In an unexpected twist, I started to realize that this might be what Jesus was talking about all along: virtue for its own sake. What is the reward in heaven for being a good Samaritan? You get to keep being a good Samaritan forever.
This felt true to me like nothing else had ever felt true. I started to realize that Christianity, so-called, was basically just a codification of deep virtue for its own sake. That perhaps this is what Jesus meant when he said “the kingdom of God is within you.”
Some time ago, I decided to step back into the label. I’m a Christian, of the Mormon variety. There’s a lot of culture there, baked in by the community of faith that raised me, but there’s also, now, a deep acceptance of the religious ideals espoused by that community.
You could say I default to “religious but not spiritual.”
Does it matter whether I “believe” the various truth-claims made by my community? Not really. What matters to me is that I practice living life as though I believe those claims, insofar as those claims are aligned with the things that I do believe are true — namely, that true virtue is its own reward.
You could say I default to “religious but not spiritual.”
And “I don’t know” is still a vital salve in a fevered world of competing philosophies.
Ghosts
Absent any empirical proof one way or the other, I have chosen to believe in God. I won’t get into the specifics of my own cosmology (that’s the kind of thing that probably belongs in a post that stays behind a paywall), but suffice it to say that I have a preference for God’s existence, and therefore I believe.
Do I want ghosts to exist? Not really. Might they, anyway? Of course they might. And the stories that we have told and heard in this exchange (and outside of it) suggest to me that there’s something there that doesn’t fit tidily into either a materialist paradigm, or a dogmatically religious one.
I don’t like it, Wil.
And because I don’t like it, and because I don’t have proof one way or the other, I’ll probably go on more or less not believing, and leave the ghosts in their stories.
But one day I might see a ghost. I might get haunted. I might personally experience something incontrovertibly supernatural. Will this damage my faith? My chosen set of beliefs? Will it shake from me what little knowledge I have gathered?
No.
No more than any other “shocking” revelation of science or psychology. This universe is full of mystery. I have chosen to believe it is also shot through with meaning, and not just of my own making — I have chosen to believe in a God who embodies all meaning, a God who can comprehend all the things we cannot comprehend. A God who does not believe, but knows.
Because while we are terrible arbitrators of truth, truth persists outside of our own determinations. Whatever might be true about ghosts, I trust God with all of it. And until that topic becomes, for some reason, a practical concern for me, I’m happy to let it remain out in the wilderness of mystery.
“...it’s hard to do this, because it means constantly rewriting the root layers of code that run our very personalities. Our ego doesn’t want to adapt, because it feels that to adapt is to die, and it is not wrong. Just as the seed must die for the sake of the tree, and the child must die before for the sake of the adult. Change is death.”
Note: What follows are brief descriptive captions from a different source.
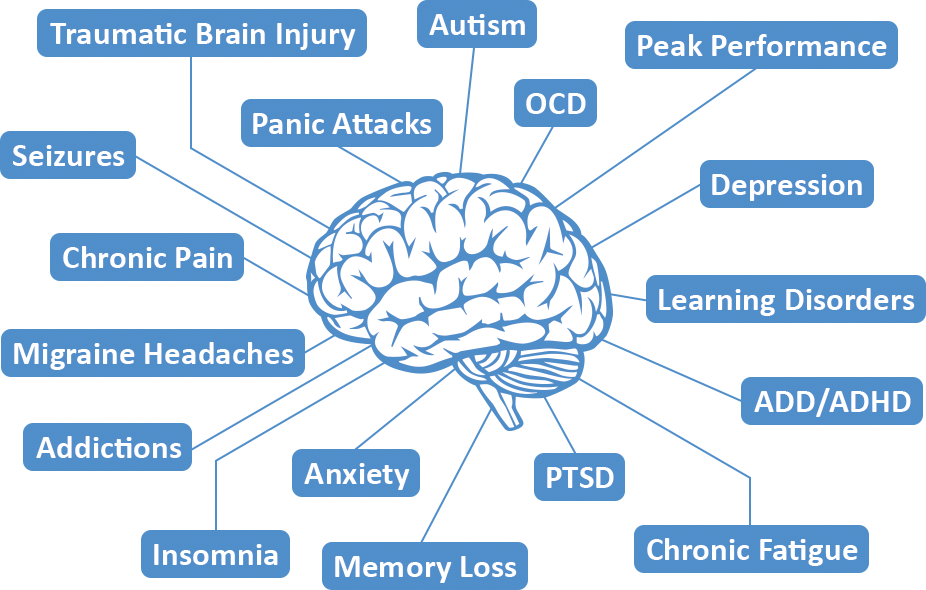 Brain disorders. Мозг аутиста. Тревога мозг. Мозги текст. PTSD Brain.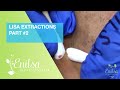 Lisa Extractions Part 2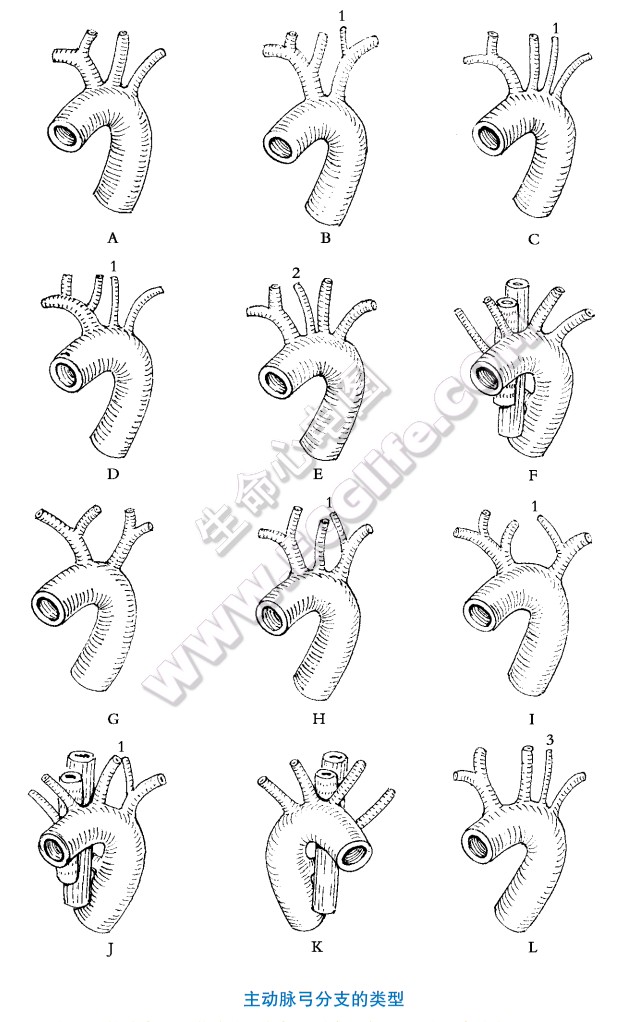 主动脉弓分支的类型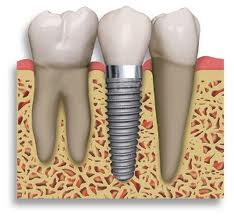 implant tooth2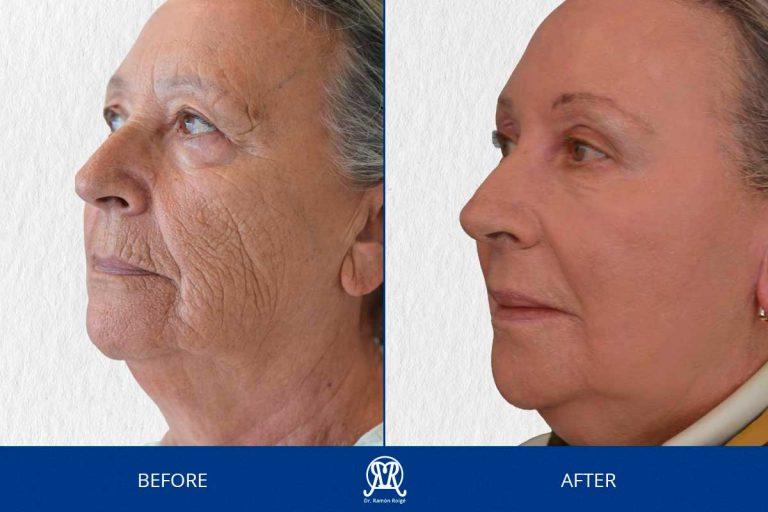 Case 11: Wrinkles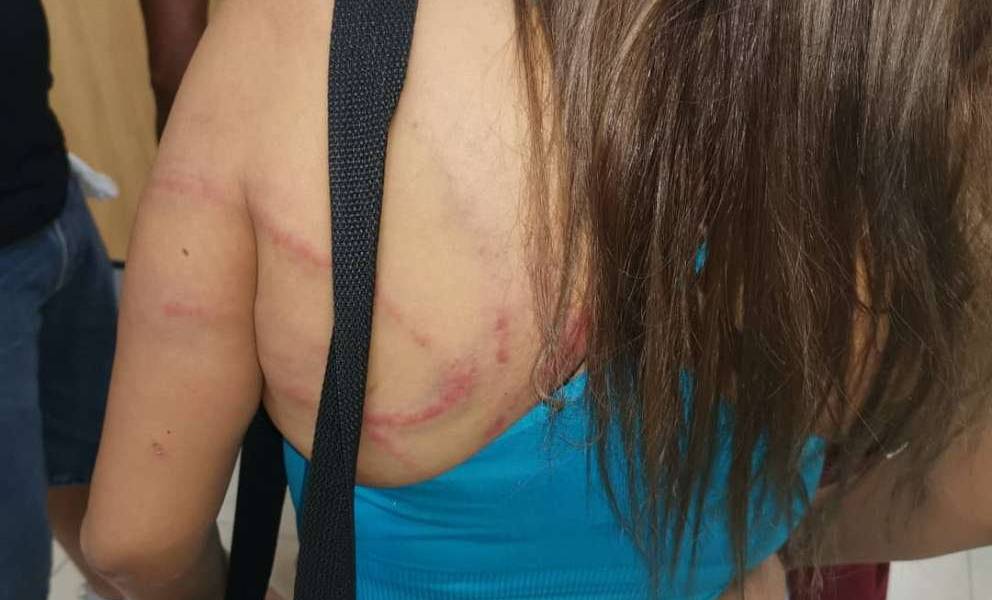 Mujer denuncia a su conviviente por haberla flagelado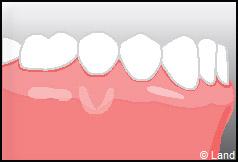 Chirurgie mucogingivale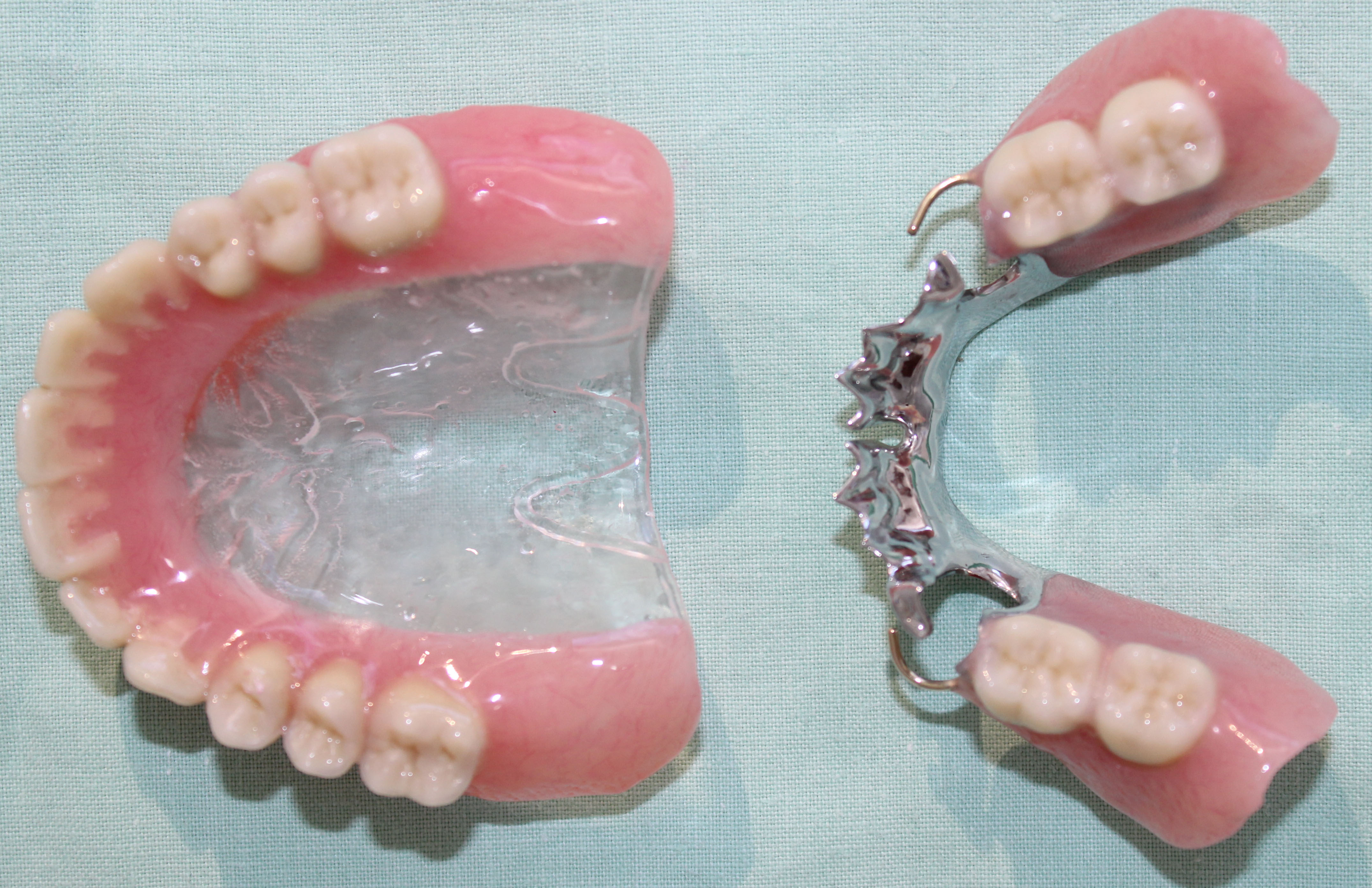 2 Lower Metal Partial Denture And A Complete Upper Denture   2 LOWER METAL PARTIAL DENTURE AND A COMPLETE UPPER DENTURE 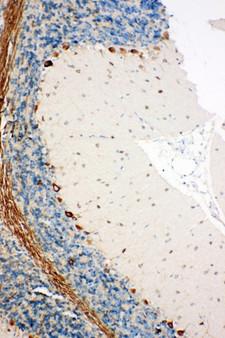 SSR3 / TRAP-Gamma Antibody - SSR3 / TRAP-Gamma antibody. IHC(P): Rat Brain Tissue.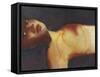 Wounded-Graham Dean-Framed Stretched Canvas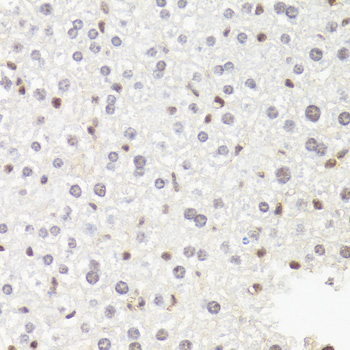 Immunohistochemistry - POLR2B Polyclonal Antibody 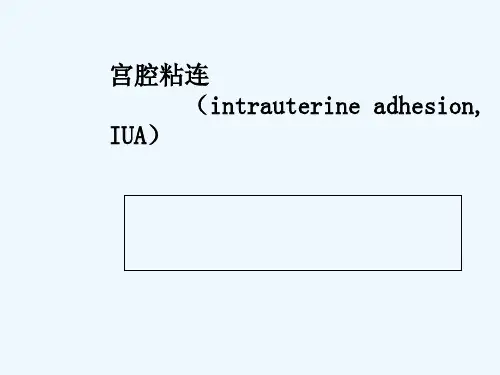 宫腔粘连 PPT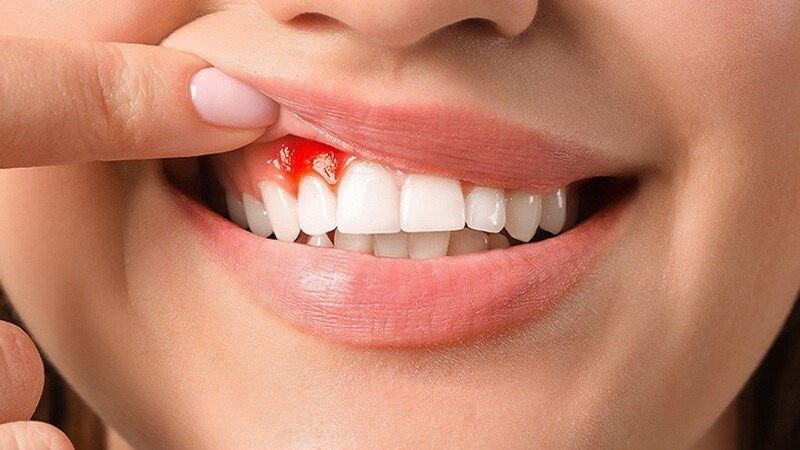 Chảy máu chân răng là gì?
You went on to how that “death” is also a birth of new, different life & it’s my favorite part of this letter because, as a 60-something, I’m discovering that need for elasticity increases with age, or rigor mortis sets in while we’re still breathing.
I enjoyed this exploration so much--leaving one’s self open to yet-to-be-experienced maybes, while refusing the cop out of perpetually embracing “I don’t know,” seems like a healthy life approach to a lot of things.
I’ve never experienced an actual haunting but have had stuff in life that defies explanation within the parameters of pragmatically explicable so who am l to deny someone else’s experience because I’ve not had it...yet?
(Note to self -- don’t try to leave a legible comment in between teaching middle schoolers.)